[PROBLEM REQUIREMENTS]: Across all the records below, how many lines contain "Jordan"? Respond with only the number.

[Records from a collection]
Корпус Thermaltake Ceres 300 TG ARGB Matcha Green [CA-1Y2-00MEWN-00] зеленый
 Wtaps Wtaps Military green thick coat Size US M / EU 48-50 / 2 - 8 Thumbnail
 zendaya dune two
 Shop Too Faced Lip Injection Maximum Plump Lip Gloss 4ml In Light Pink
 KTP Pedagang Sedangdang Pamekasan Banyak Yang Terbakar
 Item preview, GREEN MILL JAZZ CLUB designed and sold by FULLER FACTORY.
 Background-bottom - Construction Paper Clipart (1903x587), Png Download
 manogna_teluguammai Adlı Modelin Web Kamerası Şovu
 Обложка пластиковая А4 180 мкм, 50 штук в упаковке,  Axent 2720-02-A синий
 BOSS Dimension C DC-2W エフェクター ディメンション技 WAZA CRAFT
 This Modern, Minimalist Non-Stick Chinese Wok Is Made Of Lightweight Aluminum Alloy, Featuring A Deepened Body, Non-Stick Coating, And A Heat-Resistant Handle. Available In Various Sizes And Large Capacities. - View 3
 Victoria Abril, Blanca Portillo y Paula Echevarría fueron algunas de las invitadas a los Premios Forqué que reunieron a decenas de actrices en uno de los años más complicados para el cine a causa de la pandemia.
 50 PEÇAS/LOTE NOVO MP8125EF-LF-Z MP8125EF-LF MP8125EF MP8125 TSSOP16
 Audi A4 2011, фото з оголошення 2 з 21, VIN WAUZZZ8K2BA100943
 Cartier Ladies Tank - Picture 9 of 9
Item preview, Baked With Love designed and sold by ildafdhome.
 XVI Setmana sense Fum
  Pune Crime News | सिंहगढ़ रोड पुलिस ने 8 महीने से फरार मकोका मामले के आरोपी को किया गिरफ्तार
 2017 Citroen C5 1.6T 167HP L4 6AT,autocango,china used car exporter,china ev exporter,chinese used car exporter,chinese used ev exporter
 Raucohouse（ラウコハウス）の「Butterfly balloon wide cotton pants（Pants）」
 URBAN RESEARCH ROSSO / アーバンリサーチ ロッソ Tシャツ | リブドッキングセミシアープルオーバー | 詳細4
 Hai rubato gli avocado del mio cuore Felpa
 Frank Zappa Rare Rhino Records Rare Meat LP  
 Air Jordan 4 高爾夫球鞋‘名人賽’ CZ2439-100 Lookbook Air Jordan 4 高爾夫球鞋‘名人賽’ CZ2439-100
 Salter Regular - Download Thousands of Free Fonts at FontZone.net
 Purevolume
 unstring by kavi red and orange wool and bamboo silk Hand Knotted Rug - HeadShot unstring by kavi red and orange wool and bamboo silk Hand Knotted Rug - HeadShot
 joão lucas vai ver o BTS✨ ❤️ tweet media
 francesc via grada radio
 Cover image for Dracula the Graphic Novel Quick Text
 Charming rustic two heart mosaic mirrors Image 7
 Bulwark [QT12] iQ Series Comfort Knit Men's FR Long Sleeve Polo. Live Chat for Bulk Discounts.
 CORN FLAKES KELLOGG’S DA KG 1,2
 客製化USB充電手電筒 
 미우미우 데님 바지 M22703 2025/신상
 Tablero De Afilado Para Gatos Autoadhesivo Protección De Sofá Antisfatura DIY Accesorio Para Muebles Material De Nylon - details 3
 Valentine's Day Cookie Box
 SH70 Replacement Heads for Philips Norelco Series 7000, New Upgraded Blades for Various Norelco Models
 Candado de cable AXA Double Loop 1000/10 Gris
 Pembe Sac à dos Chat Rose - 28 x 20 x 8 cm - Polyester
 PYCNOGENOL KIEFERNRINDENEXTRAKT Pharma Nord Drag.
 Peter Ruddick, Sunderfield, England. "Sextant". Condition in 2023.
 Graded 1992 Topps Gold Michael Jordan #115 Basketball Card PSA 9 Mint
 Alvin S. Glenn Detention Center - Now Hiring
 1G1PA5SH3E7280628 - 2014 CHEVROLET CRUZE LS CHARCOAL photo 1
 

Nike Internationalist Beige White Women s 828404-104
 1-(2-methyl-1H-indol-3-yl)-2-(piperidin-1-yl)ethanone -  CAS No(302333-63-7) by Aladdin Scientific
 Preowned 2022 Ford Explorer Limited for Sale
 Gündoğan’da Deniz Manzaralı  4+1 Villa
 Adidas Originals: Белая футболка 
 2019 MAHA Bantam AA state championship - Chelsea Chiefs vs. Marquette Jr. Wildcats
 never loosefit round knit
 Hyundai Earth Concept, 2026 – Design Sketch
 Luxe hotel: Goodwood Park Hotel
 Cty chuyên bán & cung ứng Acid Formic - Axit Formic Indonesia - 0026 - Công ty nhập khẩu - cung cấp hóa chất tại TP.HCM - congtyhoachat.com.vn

[RESPONSE BELOW]: 2